Breaking out of well-established routines to find better ways of doing our jobs often takes the kind of upset that rarely comes to us through our own endeavors.
Our actions tend to live in a comfortable, predictable place that, if it’s working for us, we’re reluctant to change.
After the unprecedented events of 2020, event organizers have been given the opportunity to take a fresh look at typical fundraising models employed over the years to explore what worked and what didn’t. Based on the results of their research, they are creating new, innovative methods to present their nonprofits to the public and elevate their fundraising goals to new heights.
A New Philosophy in Fundraising
In previous common fundraising models, the focus on a transactional relationship with donors took precedence. Updated strategies turns that focus toward a transformative relationship that leads donors through an engagement journey designed to build a stronger bond between them and the nonprofit. When successful, it’s a method that hits the mark in making the donor feel they are an integral element to the success of the mission, rather than a casual participant.
With a transformative relationship, the connection continues to deepen as the journey progresses.

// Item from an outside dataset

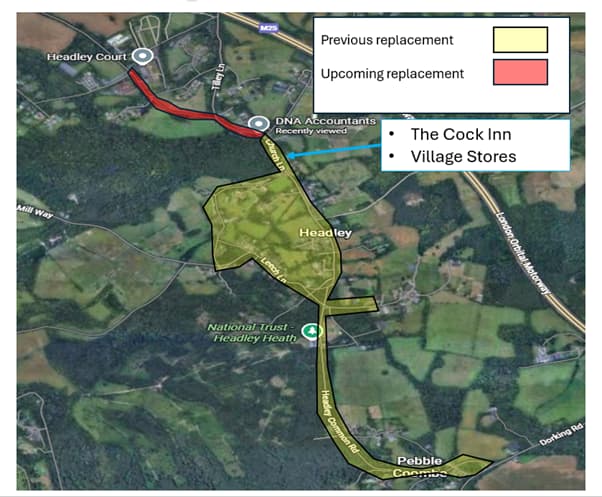Map of Headley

For donors who occasionally offer a contribution, the transformational approach can lead to a commitment to regular donations that could grow overtime and the possibility the nonprofit’s message will be shared with other like-minded friends and family. In some instances, it can eventually lead to a casual donor becoming a volunteer, an ambassador, or even a team member.
A transformational fundraising model provides an avenue for your donor community to grow alongside your organization, with a stronger commitment based on an emotional attachment that is invested in the mission’s success.

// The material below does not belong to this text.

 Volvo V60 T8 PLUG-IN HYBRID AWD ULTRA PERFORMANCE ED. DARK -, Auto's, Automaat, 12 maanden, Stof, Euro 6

Designing Events from the Donor’s Perspective
To create this new transformative style of fundraising, event planners are taking a fresh look through the eyes of the donors. Understanding the nonprofit’s relationship with the donor from the donor’s perspective provides invaluable insight into how to design an event that leaves the donor with a desire to further immerse themselves in the nonprofit’s work, whether it’s through future donations, or a deeper involvement with the work.
We’ve collected a few areas event planners are making adjustments.
A Variety of Types of Events
The size, type, and mode of access to attend a fundraiser has permanently changed for events going forward. The move to virtual fundraising that was a necessity last year often proved to be just as successful as the traditional gala and has opened the door to including both in-person and virtual fundraising and fundraisers are reconsidering how their events can become available to their entire their donor community, both online and off.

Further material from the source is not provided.